Basalt chef shows off chops on ‘Chopped’
Glenwood Springs Post Independent
Flip Wise doesn’t see himself as just a chef.
“I’m really firm with my idea that to be a real chef you have to be a representative of your community, where you live and the season,” said Wise, executive chef at Free Range Kitchen in Basalt.
Wise will soon represent the Roaring Fork Valley as a contestant on Food Network’s “Chopped Grill Masters.”
The popular show features four chefs in each episode, competing in three rounds of appetizer, entree and dessert. In each round, the chefs must utilize four secret ingredients. In the “Grill Masters” version of the show, all cooking must be done on a grill.
Grilling is Flip’s element.
Last summer, before joining Free Range Kitchen, Flip and his wife drove an 8-foot smoker, along with a wood fire grill, on a 20-foot trailer as Open Fire Catering.
“The concept was simple: only cook with fire and only with what farms and ranches have,” Wise said.

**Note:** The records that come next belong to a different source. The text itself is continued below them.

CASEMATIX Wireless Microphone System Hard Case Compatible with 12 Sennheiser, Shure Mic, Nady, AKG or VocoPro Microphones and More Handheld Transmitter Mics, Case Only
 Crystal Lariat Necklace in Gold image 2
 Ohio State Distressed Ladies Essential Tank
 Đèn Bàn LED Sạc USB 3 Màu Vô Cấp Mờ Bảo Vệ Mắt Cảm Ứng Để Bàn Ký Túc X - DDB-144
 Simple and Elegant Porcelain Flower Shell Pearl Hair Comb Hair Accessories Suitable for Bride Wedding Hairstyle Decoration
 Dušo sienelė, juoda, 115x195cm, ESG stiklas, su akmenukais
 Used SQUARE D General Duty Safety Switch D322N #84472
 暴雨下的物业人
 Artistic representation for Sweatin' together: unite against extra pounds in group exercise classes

Rather than Wise going to farmers and ranchers and saying what he needed for his menu, he said he would — and still does — ask them what they have, and then make the menu from there.
“I made really good relationships with the farming and ranching communities in this valley, and [Open Fire Catering] pushed myself out of my comfort zone because it was do or die,” Wise said.
To him, the term “farm to table” is gimmicky, but the concept of eating local, in-season ingredients is essential.
“I think it’s as important as algebra,” Wise said. “People should be aware of the differences between a farm carrot and jumbo tasteless carrot from the store. Or how to cook something, how to fry an egg, even. That kind of stuff is important.”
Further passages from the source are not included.